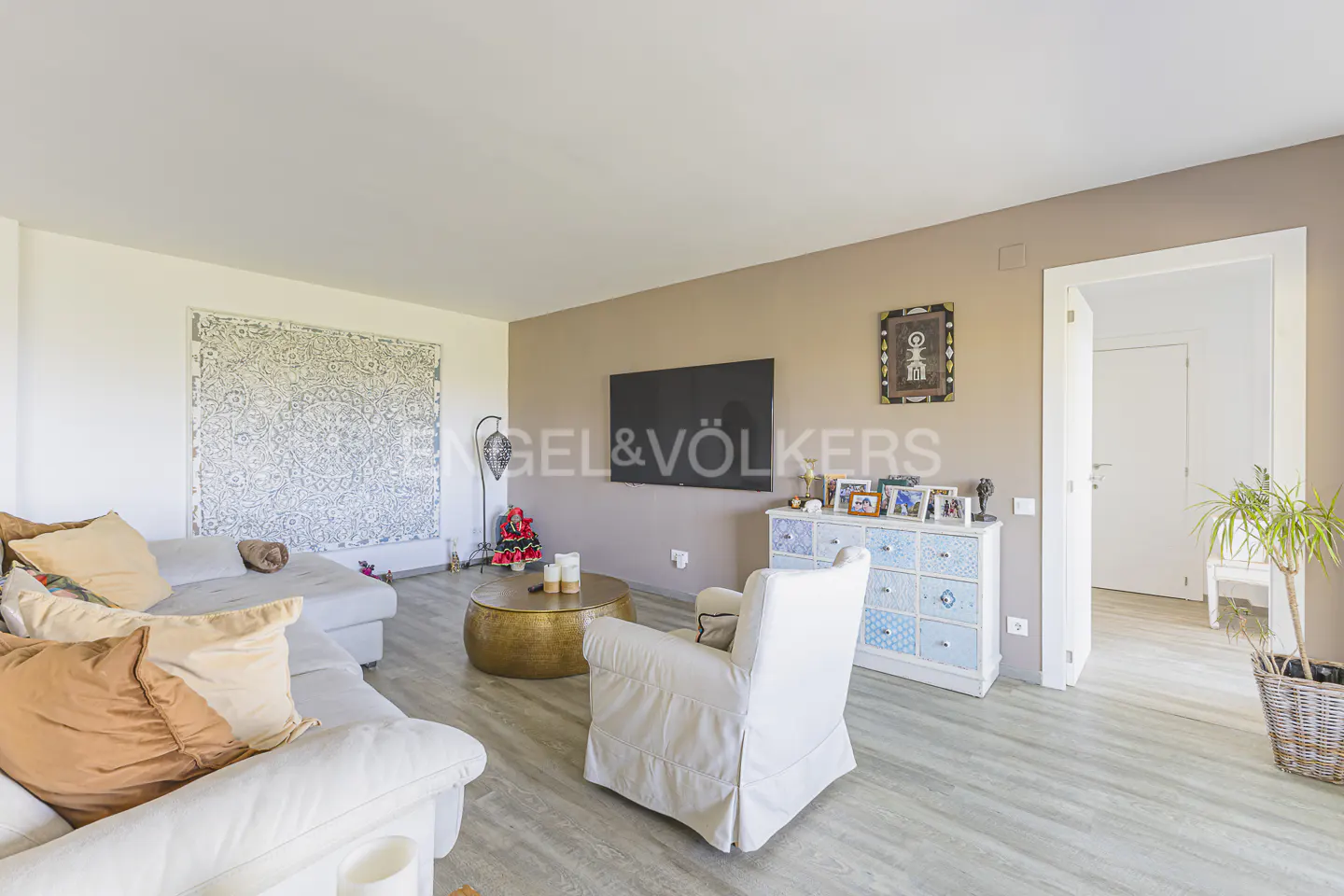 Living room with white sofa, armchair, and gold coffee table on gray wood floors. A TV hangs above a blue and white dresser.
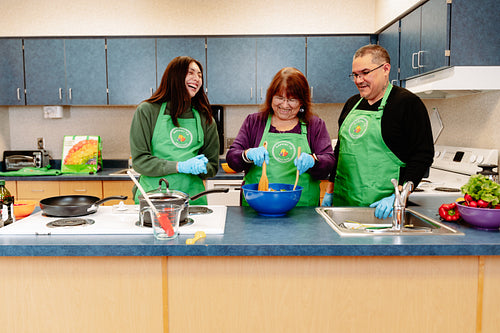 Indigenous Peoples making a meal together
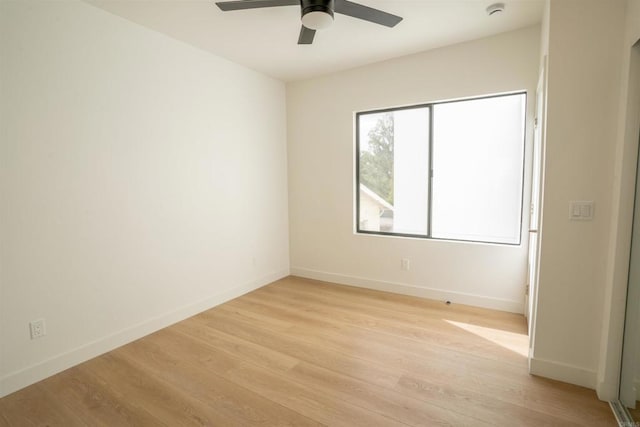 spare room featuring ceiling fan and light hardwood / wood-style flooring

■ ■ ■

-- Aim of the exercise --
Pictures are to be left out; repeat all the remaining data exactly.

-- Response --
 Living room with white sofa, armchair, and gold coffee table on gray wood floors. A TV hangs above a blue and white dresser.
 Indigenous Peoples making a meal together
 spare room featuring ceiling fan and light hardwood / wood-style flooring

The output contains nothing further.